▶ _Task instructions_
Going line by line through the records below, write out everything starting with the line containing "360° Rotatable Adjustable" and going on through the line containing "beautiful candles by the grass", exactly and inclusively. Pictures do not go in.

▶ _Provided material_
[Start of section]
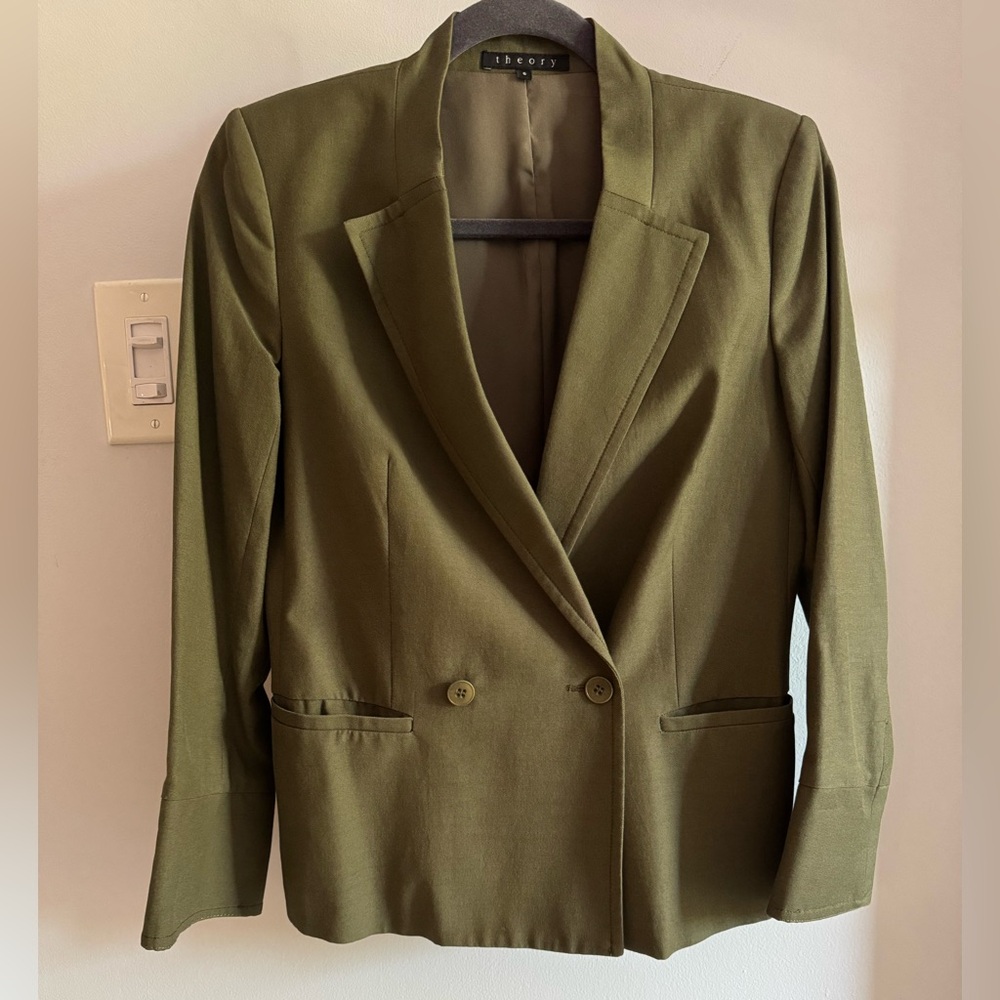 Theory Olive Green Canvas Military Style Cotton Double Breasted Blazer Jacket 6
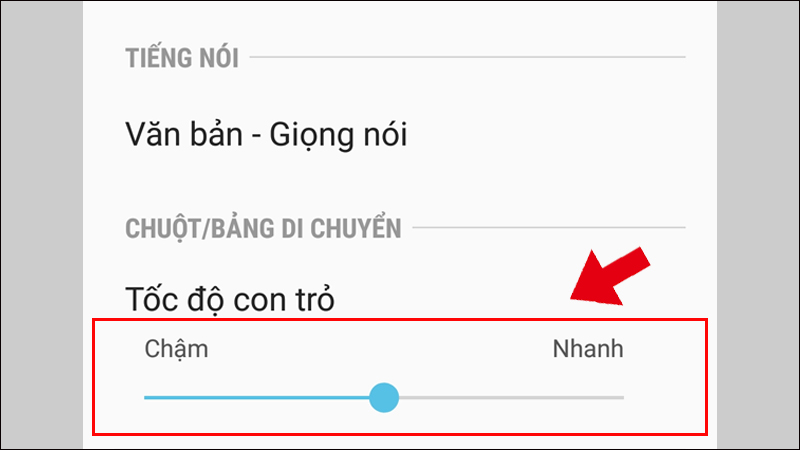 C&aacute;ch điều chỉnh tốc độ con trỏ tr&ecirc;n Samsung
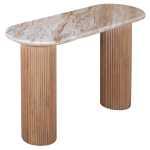 Ashford Natural Marble & Wood Pedestal Console Table - View 4
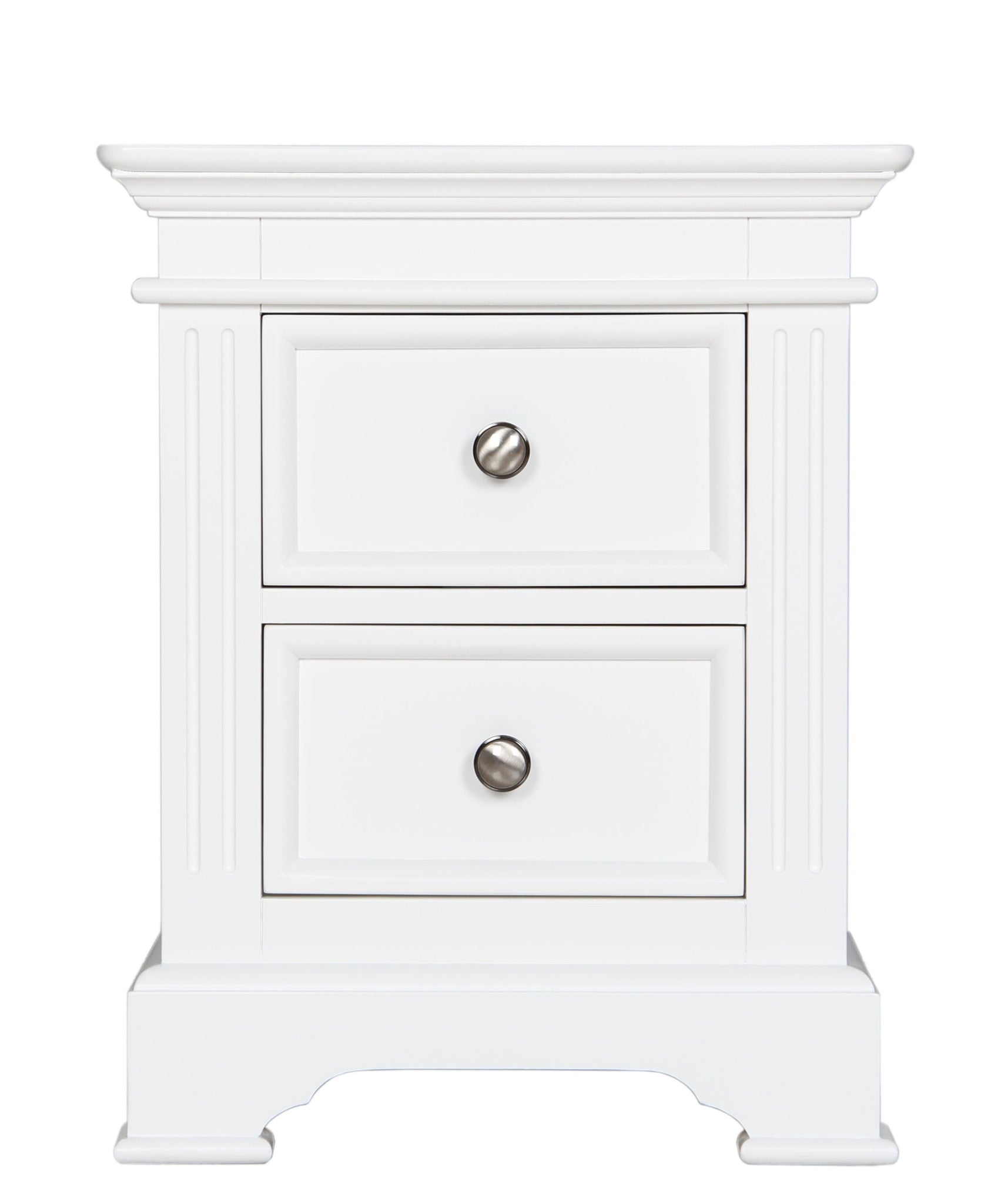 Pure White 2 Drawer Bedside
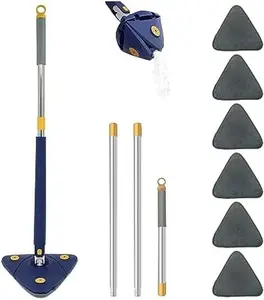 360° Rotatable Adjustable Cleaning Mop, Extendable Triangle Mop 360° Rotatable Imitation Hand Twist Quick Dry Mop Automatic Water Squeezing Mop for Floor/Ceiling/Wall (Blue-with 6 Mop Heads)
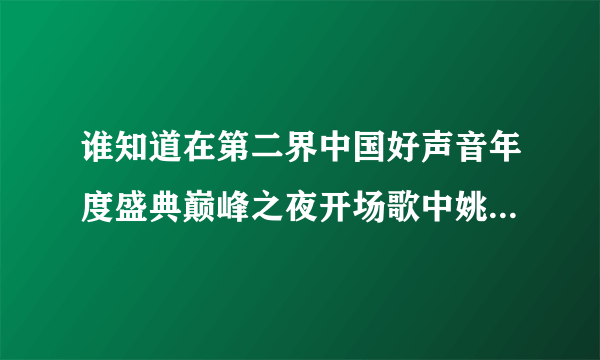 谁知道在第二界中国好声音年度盛典巅峰之夜开场歌中姚贝娜穿的是什么牌子的衣服?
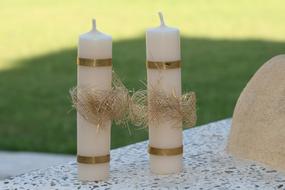 beautiful candles by the grass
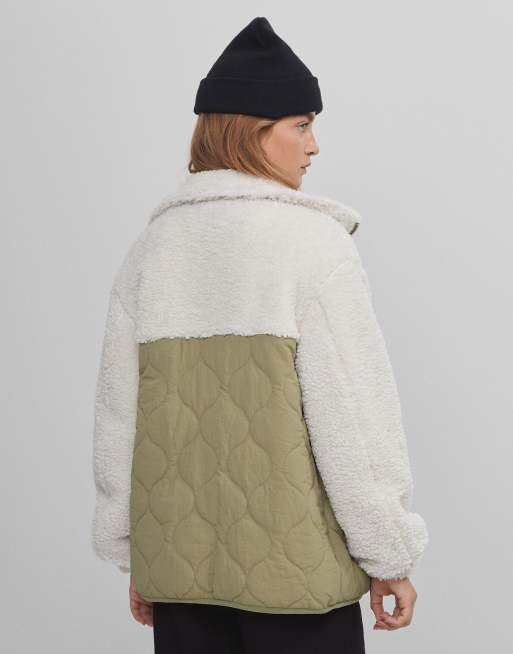 oversized shearling zip up jacket ecru |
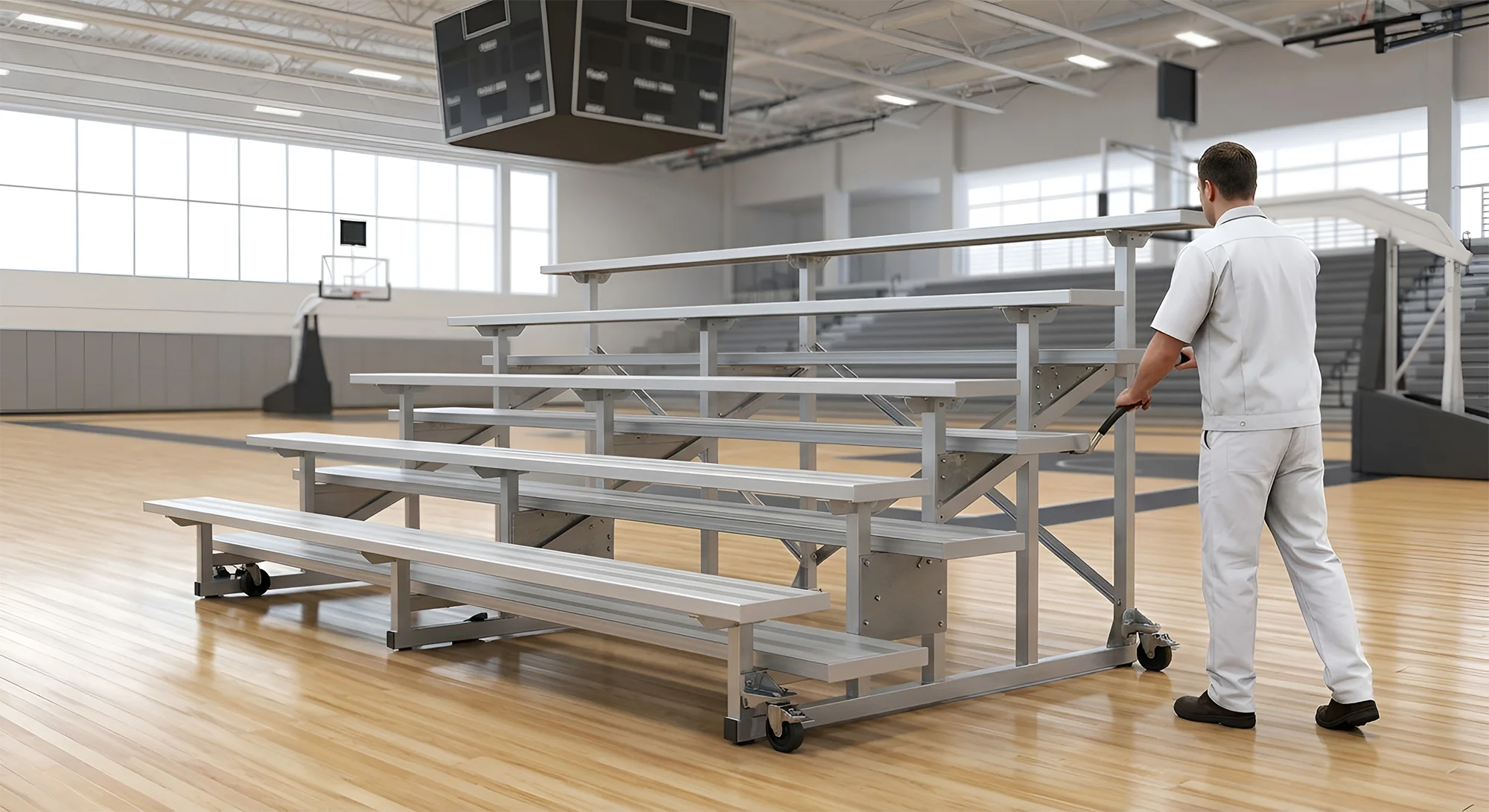 Heavy Duty Tilt and Roll Bleachers image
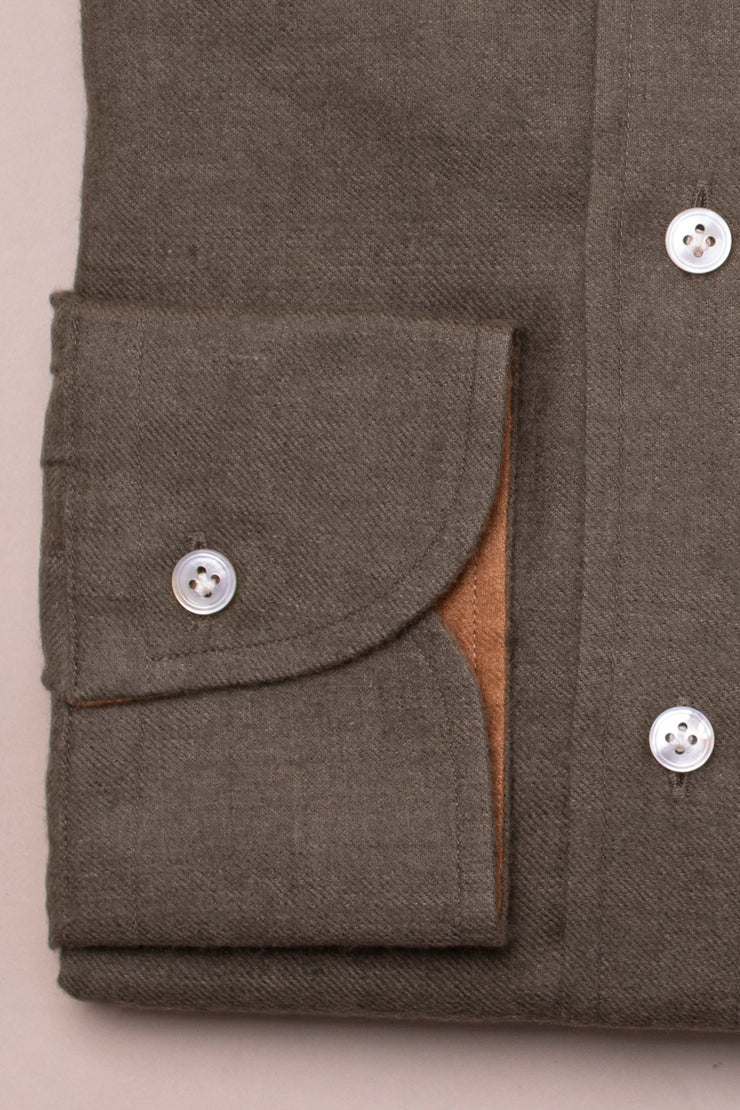 Green Brushed Linen Shirt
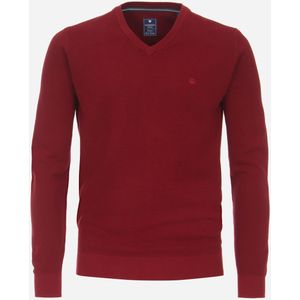 Redmond heren trui katoen, V-hals, rood (middeldik) -  Maat: XL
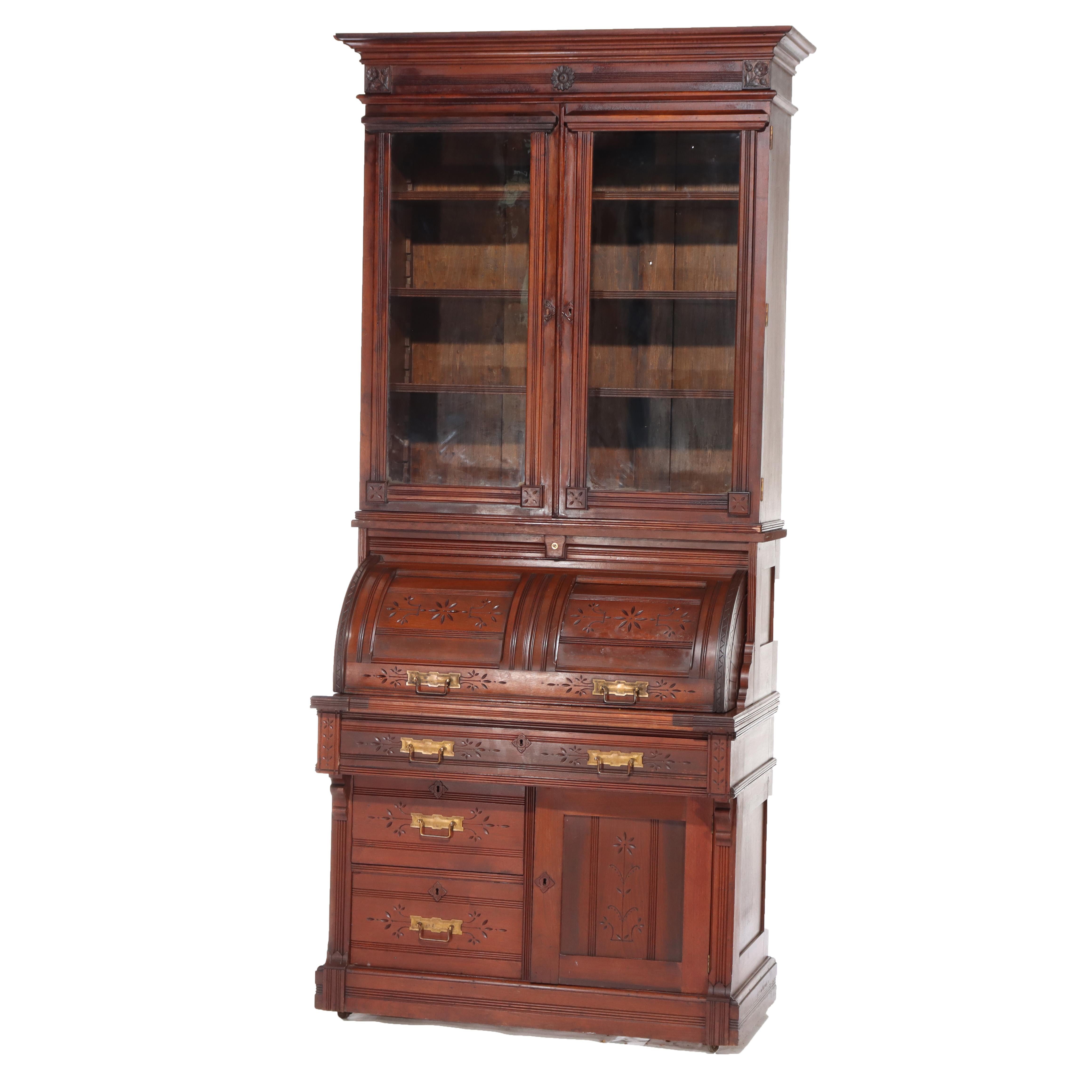 Antico Eastlake Chip Caved Walnut Barrel Roll Cylinder Secretary Desk c1890 in vendita 14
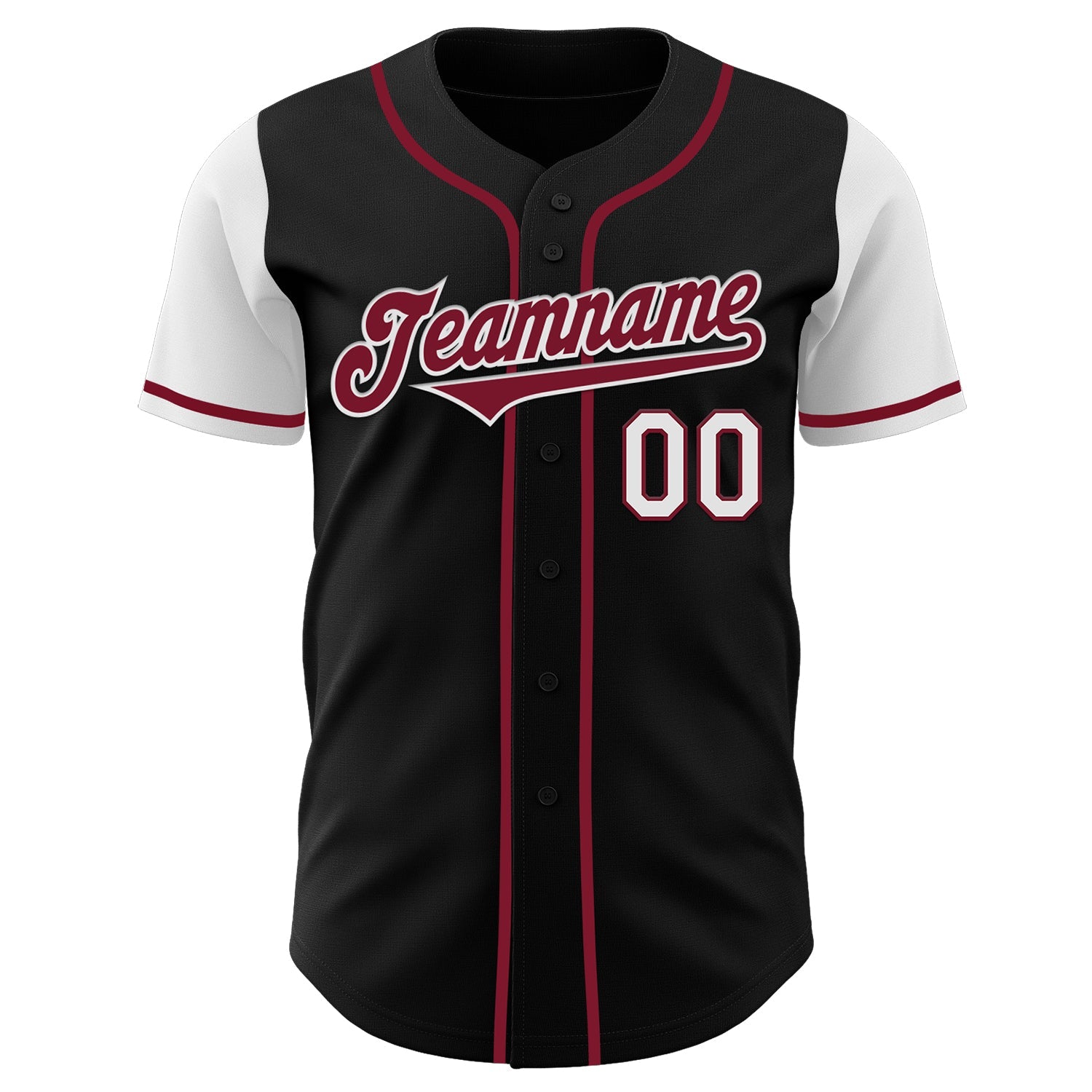 Custom Black Crimson-White Authentic Two Tone Baseball Jersey view 2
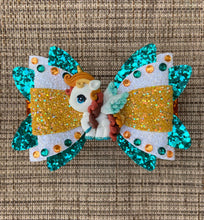 Load image into Gallery viewer, Fall Unicorn clay bow
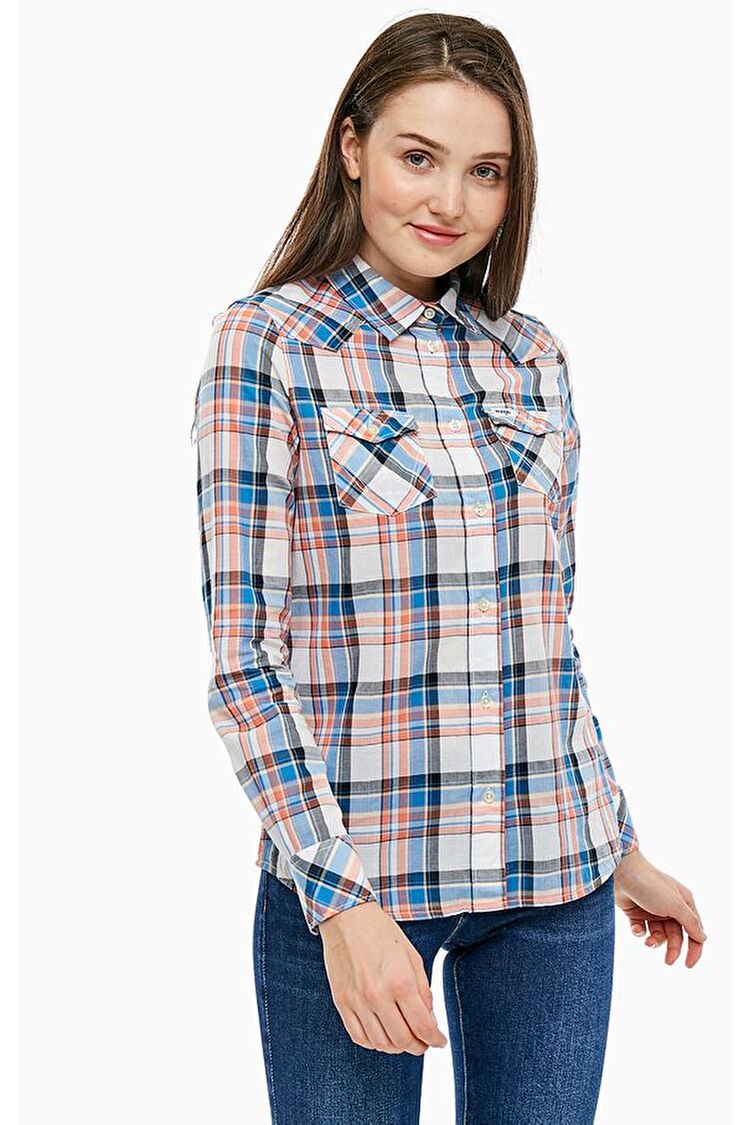 Сорочка Wrangler Check Shirt Regular Fit (W5240LU48) Помаранчевий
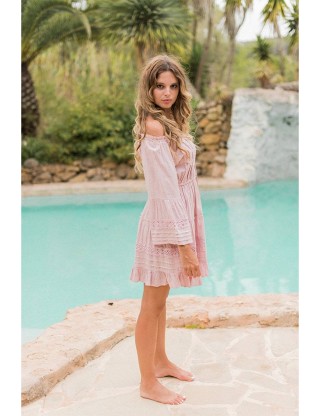 Vestido Aroa Rosa Corto Boho Piti Cuiti PITI CUITI - Lola Lolica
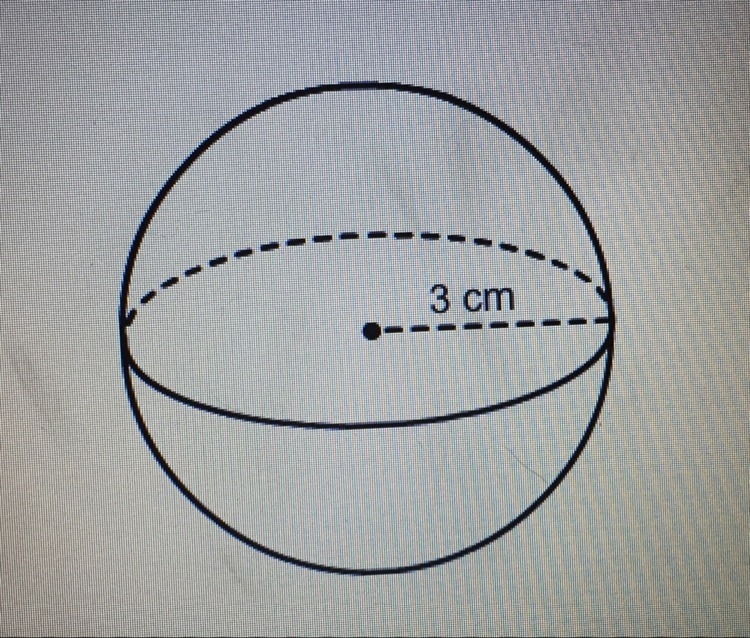 What is the volume of this sphere? A.) 8π cm³ B.) 16π cm³ C.) 27π cm³ D.) 36π cm³-example-1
[End of section]
▶ _Solution to this exercise_
 360° Rotatable Adjustable Cleaning Mop, Extendable Triangle Mop 360° Rotatable Imitation Hand Twist Quick Dry Mop Automatic Water Squeezing Mop for Floor/Ceiling/Wall (Blue-with 6 Mop Heads)
 谁知道在第二界中国好声音年度盛典巅峰之夜开场歌中姚贝娜穿的是什么牌子的衣服?
 beautiful candles by the grass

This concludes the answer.